##### Data excerpts

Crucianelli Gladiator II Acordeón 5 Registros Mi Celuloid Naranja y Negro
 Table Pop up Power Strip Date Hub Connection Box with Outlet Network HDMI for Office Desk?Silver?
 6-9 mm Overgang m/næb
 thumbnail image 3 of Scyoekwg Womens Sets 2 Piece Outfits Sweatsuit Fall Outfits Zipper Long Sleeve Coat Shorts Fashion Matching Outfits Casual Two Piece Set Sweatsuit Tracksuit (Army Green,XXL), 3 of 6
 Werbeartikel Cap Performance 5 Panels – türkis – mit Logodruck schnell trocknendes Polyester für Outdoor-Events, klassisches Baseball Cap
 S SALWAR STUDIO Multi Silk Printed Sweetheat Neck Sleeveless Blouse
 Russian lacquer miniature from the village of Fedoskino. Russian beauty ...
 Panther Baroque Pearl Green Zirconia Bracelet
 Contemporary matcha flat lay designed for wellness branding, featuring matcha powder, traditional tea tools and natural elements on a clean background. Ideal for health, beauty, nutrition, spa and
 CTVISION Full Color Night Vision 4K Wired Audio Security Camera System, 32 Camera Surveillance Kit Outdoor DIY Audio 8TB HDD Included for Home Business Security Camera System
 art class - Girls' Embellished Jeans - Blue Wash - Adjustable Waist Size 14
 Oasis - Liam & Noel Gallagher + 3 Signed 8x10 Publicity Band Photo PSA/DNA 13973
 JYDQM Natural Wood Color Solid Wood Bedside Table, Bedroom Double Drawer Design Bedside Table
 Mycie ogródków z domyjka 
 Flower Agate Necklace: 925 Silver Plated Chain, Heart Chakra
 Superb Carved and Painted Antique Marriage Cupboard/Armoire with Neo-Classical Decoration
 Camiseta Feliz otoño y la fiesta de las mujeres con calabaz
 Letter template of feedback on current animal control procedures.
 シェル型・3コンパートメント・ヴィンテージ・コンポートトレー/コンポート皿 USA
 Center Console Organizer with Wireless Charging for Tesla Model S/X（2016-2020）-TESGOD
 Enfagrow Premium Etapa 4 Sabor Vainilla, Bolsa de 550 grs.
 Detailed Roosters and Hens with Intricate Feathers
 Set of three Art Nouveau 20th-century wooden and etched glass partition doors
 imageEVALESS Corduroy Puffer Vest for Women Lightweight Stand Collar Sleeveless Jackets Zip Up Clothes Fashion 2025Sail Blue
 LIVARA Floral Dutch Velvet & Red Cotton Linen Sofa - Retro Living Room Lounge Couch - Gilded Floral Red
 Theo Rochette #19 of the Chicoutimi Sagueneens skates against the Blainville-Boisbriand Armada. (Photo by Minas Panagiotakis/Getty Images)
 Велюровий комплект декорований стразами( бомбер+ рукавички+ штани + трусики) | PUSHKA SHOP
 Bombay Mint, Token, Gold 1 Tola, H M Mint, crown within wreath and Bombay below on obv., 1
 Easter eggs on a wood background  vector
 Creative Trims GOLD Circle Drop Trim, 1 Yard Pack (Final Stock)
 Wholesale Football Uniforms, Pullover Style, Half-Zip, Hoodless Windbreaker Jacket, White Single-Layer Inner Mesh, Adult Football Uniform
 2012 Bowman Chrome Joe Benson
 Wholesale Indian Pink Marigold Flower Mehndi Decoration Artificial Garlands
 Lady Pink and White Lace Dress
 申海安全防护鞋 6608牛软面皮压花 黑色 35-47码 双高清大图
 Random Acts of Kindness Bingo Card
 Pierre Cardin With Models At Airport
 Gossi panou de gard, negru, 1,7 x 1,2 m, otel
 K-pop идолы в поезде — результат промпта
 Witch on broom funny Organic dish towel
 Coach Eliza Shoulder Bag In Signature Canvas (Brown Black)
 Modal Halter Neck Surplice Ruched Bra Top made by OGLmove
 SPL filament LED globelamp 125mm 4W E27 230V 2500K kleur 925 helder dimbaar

##########

=== Directions for this task ===
The reply should hold only the lines from the top of the records through the line that has "thumbnail image 3", each one exact.

=== Task result ===
Crucianelli Gladiator II Acordeón 5 Registros Mi Celuloid Naranja y Negro
 Table Pop up Power Strip Date Hub Connection Box with Outlet Network HDMI for Office Desk?Silver?
 6-9 mm Overgang m/næb
 thumbnail image 3 of Scyoekwg Womens Sets 2 Piece Outfits Sweatsuit Fall Outfits Zipper Long Sleeve Coat Shorts Fashion Matching Outfits Casual Two Piece Set Sweatsuit Tracksuit (Army Green,XXL), 3 of 6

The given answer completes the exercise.